Cannot define live sound as that depends on so many things that it is impossible to get a base point.

Many live events sound aweful and others heavenly.

Great sound to my ears is what this passion is all about. The only base standard that works is one's own preference.
The longer I'm at this the more I could care less.about neutrality.

I want it to sound good to my ears at even the loudest volumes.

I want my music full, rich and never thin and fatiguing. Full bodied and room filling are also a must.The bass can be little loose or the highs a little rolled off etc...

In the end it better sound good to me even if it has to add or subtract from the recording to sound pleasing.

We have similar wants. I've been swapping in and out various bits of gear over the last year, always dissatisfied with what I had heard.

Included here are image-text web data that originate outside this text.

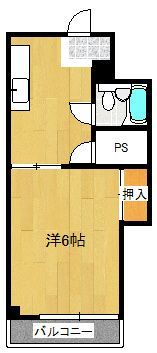 フラワーマンションの間取り画像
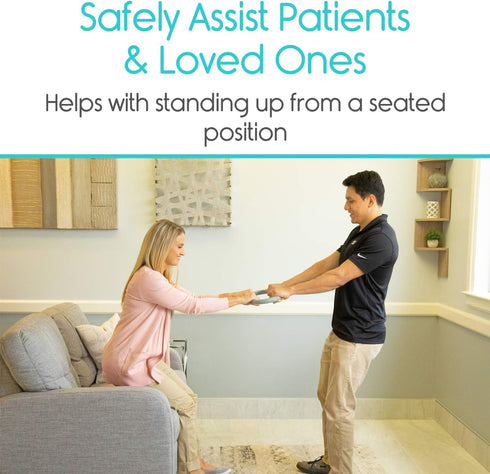 Vive Lift Assist - Patient Lifting Stand for Elderly and Disabled - Medical Safety Standing Loop - Universal Transfer Device for Senior, Caregiver, Therapist, Nurse - Lightweight Mobility Aid (1 Pack)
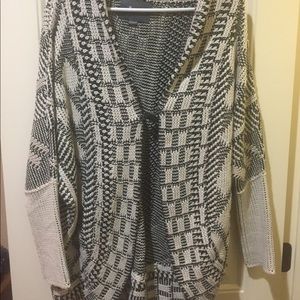 Black and cream sweater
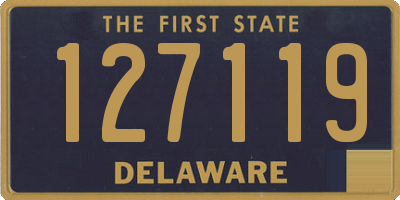 DE license plate 127119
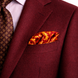 Rose Vertical Silk Pocket Square by Monzoro – view 4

I began to realize what I really wanted, and thankfully my last two or three moves are working out well. Full bodied sound that projects forward towards me is a must. I like lots of detail too, or perhaps that's clarity. But to me it is a must that I be able to follow every instrument's line. If instruments bleed into each other than how can the melody of a song come through? It'll just sound muddy.

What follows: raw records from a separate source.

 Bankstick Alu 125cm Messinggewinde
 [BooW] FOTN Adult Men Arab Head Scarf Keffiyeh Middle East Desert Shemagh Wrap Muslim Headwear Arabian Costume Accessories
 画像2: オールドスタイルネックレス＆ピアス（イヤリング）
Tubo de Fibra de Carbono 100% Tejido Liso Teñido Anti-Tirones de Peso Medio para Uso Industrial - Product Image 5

But I do value neutrality. The best speakers I've heard achieved what I wanted, but they were also quite neutral. At least when it comes to highs. I don't like elevated highs that become edgy and shrill. But generally I like knowing that my speakers are relatively neutral, as speakers that have large dips and peaks I'd imagine can really make certain albums sound poor, depending on the levels used on those particular songs.

But of course many things are important. Another big one is driver integration. I think it's the main strength of my Quad 12L2. You don't hear two separate drivers, but rather one piece of music where everything fits together, and the various instruments sound like they are playing off each other the way they should.

To address the OP, musicality to me means whether I am moved or not. Some speakers sound boring. Those that do not are what I'd call musical. Does the emotion, rhythm, and melody come through?
I generally agree that there are two aspects to this hobby, but I would frame them somewhat differently. For me, the two aspects are 1) the "illusion" aspect and 2) the "pleasure" aspect. I think of the first as being a more intellectual endeavor. Based on the information my ears are receiving, how much do I have to suspend my disbelief that I have been transported to the recording venue? The second is more emotional. Regardless of realism or lack thereof, is what I'm hearing stimulating the pleasure centers of my brain, or is it grating on my nerves? I decided years ago (after some difficult and expensive lessons) that my first concern must be with the pleasure aspect. So, for example, if a piece of equipment excels as creating an illusion of a soundstage, but the string section on that soundstage is reminiscent of fingers on a blackboard, then to heck with the illusion. I prefer a more euphonic blob of undifferentiated sound. That said, this is just the starting point. From the euphonic blob, future improvements should go toward enhancing the illusion while maintaining the pleasure. One could work in the reverse order, but why suffer while reaching for the ultimate goal, which is a pleasurable musical experience that creates the illusion of being in the original recording space?
One of the most basic truths in life is that we all like different things. It's no different in the world of music reproduction. As many eloquently explained above, many audiophiles like to be able to extract the smallest detail embedded in the record or CD and that's what tickles their brain. Others, like myself, want to be able to listen to the sound of music and be excited not by detail, but by the sound as a whole; the sum of its parts will put me in a different realm of experience; it's almost like being in a trance. I don't want to analyze; I want to experience. At the most basic level, it is a simple tap test; I've auditioned many a speaker where I could hear the artist's take a breath in and guess the length of the guitarist's nails, but was unmoved. The same music through a different speaker would make me tap my foot and nod my head saying, "yeah." That's musicality to me.